**What you have to do**
In the data that follows, give the number of lines containing the word "Luxury". Offer no additional comment.

**Stored data**
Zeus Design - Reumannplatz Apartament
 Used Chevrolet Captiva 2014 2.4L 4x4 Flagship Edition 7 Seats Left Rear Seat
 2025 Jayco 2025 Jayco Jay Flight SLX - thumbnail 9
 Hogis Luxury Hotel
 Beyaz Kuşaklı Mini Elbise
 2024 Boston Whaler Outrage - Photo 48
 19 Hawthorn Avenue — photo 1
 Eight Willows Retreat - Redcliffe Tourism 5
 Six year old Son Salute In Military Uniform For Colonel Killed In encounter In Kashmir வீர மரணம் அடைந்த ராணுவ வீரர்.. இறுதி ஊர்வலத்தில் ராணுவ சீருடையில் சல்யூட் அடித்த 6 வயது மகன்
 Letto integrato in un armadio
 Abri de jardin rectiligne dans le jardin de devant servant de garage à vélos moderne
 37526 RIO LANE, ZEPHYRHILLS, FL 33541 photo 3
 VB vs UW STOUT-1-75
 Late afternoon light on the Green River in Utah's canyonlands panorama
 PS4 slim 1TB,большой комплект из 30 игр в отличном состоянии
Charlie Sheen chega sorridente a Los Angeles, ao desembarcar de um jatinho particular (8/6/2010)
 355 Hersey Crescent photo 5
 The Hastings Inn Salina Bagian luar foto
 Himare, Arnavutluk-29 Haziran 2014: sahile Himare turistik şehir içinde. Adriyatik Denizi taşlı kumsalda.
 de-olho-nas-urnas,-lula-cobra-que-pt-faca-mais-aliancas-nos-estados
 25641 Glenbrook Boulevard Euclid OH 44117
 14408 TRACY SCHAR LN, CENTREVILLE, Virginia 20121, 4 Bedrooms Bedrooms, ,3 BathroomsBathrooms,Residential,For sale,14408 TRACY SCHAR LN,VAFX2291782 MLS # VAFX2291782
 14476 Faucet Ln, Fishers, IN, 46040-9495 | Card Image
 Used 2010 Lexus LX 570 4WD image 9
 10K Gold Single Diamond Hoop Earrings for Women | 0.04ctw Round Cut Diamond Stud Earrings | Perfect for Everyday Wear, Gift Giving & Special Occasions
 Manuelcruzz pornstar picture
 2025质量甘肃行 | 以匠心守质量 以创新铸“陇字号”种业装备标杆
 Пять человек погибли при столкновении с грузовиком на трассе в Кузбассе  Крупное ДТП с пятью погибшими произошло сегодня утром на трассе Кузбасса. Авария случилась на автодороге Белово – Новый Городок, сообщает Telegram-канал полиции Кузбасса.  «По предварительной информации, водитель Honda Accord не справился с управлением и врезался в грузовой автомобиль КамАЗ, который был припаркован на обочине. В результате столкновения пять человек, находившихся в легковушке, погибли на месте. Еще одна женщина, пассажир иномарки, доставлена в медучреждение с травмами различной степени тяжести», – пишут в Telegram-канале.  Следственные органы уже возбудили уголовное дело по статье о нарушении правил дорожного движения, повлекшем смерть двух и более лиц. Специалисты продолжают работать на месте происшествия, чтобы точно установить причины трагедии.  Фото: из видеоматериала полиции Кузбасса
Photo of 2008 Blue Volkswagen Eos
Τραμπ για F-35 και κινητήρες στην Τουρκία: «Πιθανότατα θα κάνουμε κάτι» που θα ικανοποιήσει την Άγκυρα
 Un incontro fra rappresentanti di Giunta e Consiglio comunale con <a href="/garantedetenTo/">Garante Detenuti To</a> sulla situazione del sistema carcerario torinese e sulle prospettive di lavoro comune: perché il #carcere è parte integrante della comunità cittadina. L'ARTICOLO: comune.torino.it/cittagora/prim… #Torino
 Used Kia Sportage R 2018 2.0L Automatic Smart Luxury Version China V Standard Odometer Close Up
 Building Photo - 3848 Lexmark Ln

**Task response**
2